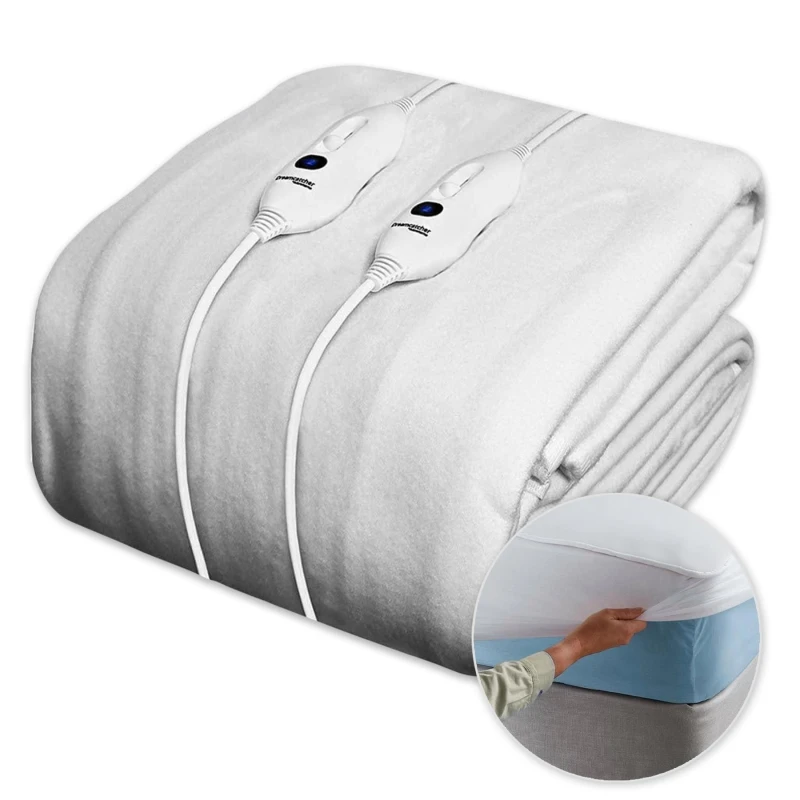 Image of Dreamcatcher Luxury Polyester Electric Blanket Heated Fully Fitted Under Blanket 3 Heat Settings - Single/Double/King/Super King Size: Super King Wh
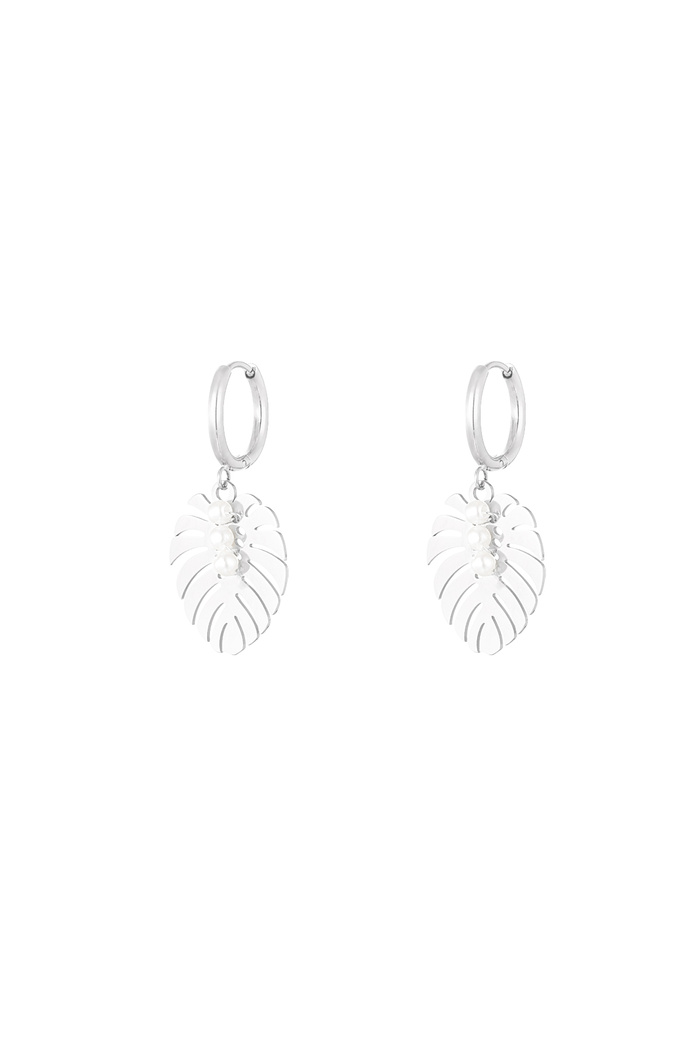 Earrings leaf pearl love - silver 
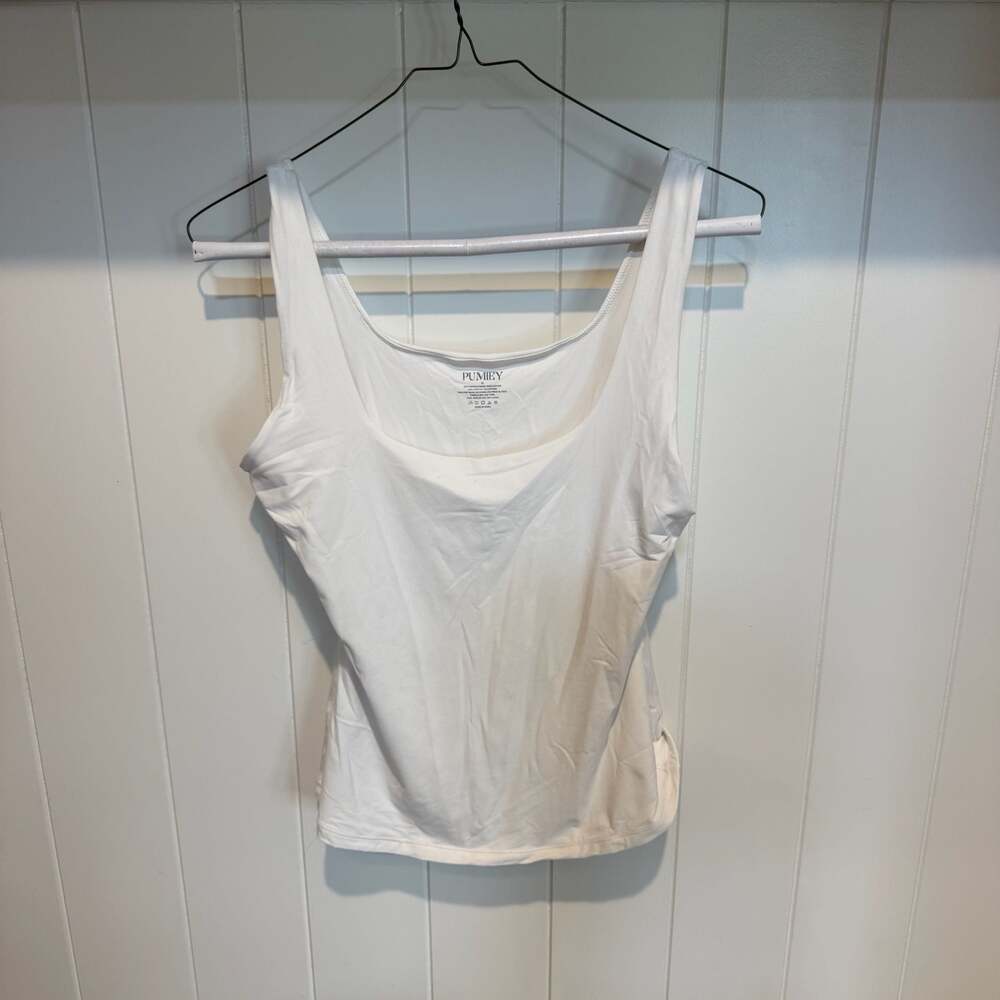 Pumiey Women's White Scoop Neck Tank Top Size M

_ _ _ _

» Task requirements
Word for word, retype the lines from the one with "Earrings leaf pearl love - silver" through the final line of the data, both included. No pictures belong in the copy.

» Answer to the exercise
 Earrings leaf pearl love - silver 
 Pumiey Women's White Scoop Neck Tank Top Size M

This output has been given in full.